The top of the blondies should be dry and set and the edges should be golden brown. A toothpick inserted into the middle should have moist crumbs but not wet batter.
Storing and Freezing
Leftover blondies will keep very well in an airtight container at room temperature for up to 5 days.
They also freeze well for up to 3 months. Thaw overnight in the fridge and then let them come to room temperature before serving.
More Delicious Vegan Bars
Did you make this recipe? Be sure to leave a comment and rating below!
Vegan Blondies
Ingredients
- 1 cup Vegan Butter (225g) Measured, then Melted
- 1 ¾ cups Light Brown Sugar (350g)
- ½ cup Cashew Butter (125g)
- 1 ½ teaspoons Vanilla Extract
- 2 ¼ cups All Purpose Flour (281g)
- 1 teaspoon Baking Powder
- 2 teaspoons Cornstarch
- 1 teaspoon Salt
- 1 ½ cups Raw Macadamia Nuts (195g) Chopped
Instructions
- Preheat the oven to 350°F (180°C) and spray a 9×9 square dish with non-stick spray and line it with parchment paper so that there is overhang on each side.
- Melt the vegan butter and add it to a mixing bowl along with the light brown sugar and whisk them together.
- Add the cashew butter and vanilla extract and whisk in until well mixed.
- Sift the all purpose flour into a separate mixing bowl and add baking powder, cornstarch and salt and mix together.
- Gradually stir the flour mix into the butter and cashew mixture until completely combined.
- Add the chopped macadamia nuts and stir in.
- Transfer the batter to your prepared 9×9 square baking pan and smooth down with the back of a spoon.
- Bake for 20-35 minutes (see notes)* until the top is dry and the edges turn golden brown.
- Leave it in the pan to cool for around 30 minutes. The top should be firm to the touch before you remove the blondies from the pan using the parchment paper overhang.
- Cut into squares and serve.
Notes
- Vegan butter – is essential to a good blondie because you want it to have that buttery flavor which combines with the brown sugar, salt and vanilla to create a butterscotch flavor. You can use any vegan butter option, tub style or stick style.

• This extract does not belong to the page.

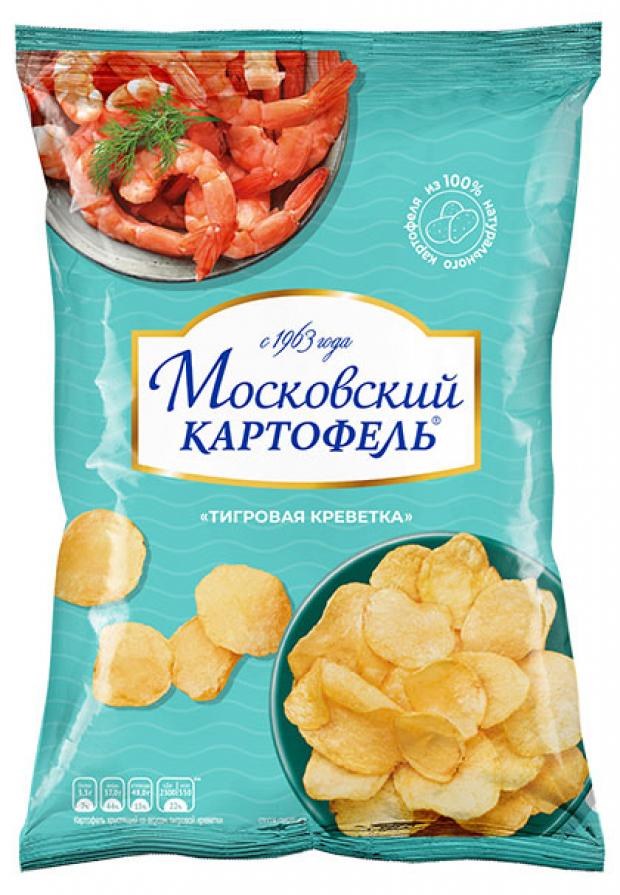 фото Чипсы «московский картофель» рифленый со вкусом тигровой креветки, 150 г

- Light brown sugar – you can use light or dark brown sugar or a mix of the two. Dark brown sugar will result in a blondie that is darker in color.
- Cornstarch – helps to keep these blondies soft.
- Macadamia nuts – are entirely optional. You can leave them out, or switch them for a different nut or use vegan white chocolate chips.
- Baking time – we baked ours for a relatively short 20 minutes. However, ovens can vary a lot and we’re seeing a lot of variation in reported baking times. The blondies should be golden on top and a toothpick inserted into the center of the blondies should come out with moist crumbs and NOT wet batter. If you’re seeing wet batter in the middle then it needs to bake for a longer time.
- Storing: Leftover blondies will keep very well in an airtight container at room temperature for up to 5 days. They also freeze well for up to 3 months. Thaw overnight in the fridge and then let them come to room temperature before serving.
Susan says
Decadent treat with a pleasant chewy texture. Made mine using the homemade cashew butter recipe with macadamia nuts and baked for 30 minutes in a 9×9 metal pan. I wouldn’t use a 8×8 glass pan as the center might not cook well enough. Better than my regular non vegan blondies recipe.
Nadine @ Loving It Vegan says
Thanks so much for sharing and for your lovely review Susan!
Lori says
Can refined coconut oil be substituted for the vegan butter?
Alison Andrews says
Hi Lori, I’m not sure. I haven’t tried that, it might work but it may also seem a bit oily. I’ve experienced this when using coconut oil in cookies instead of vegan butter.
Renee Bishop says
Is there a nut-free alternative?
Alison Andrews says
Hi Renee, I think tahini would also work, if seeds are okay. You can omit the macadamias.
Yssa says
What does it mean if it’s a bit crumbly and falls apart? I tried it today, tasted great but felt a bit crumbly to me. I also did your cashew butter recipe! <3
Alison Andrews says
They might be a little over-cooked. It can be crumbly if they have over-baked a bit. But if they tasted great then that is the most important thing!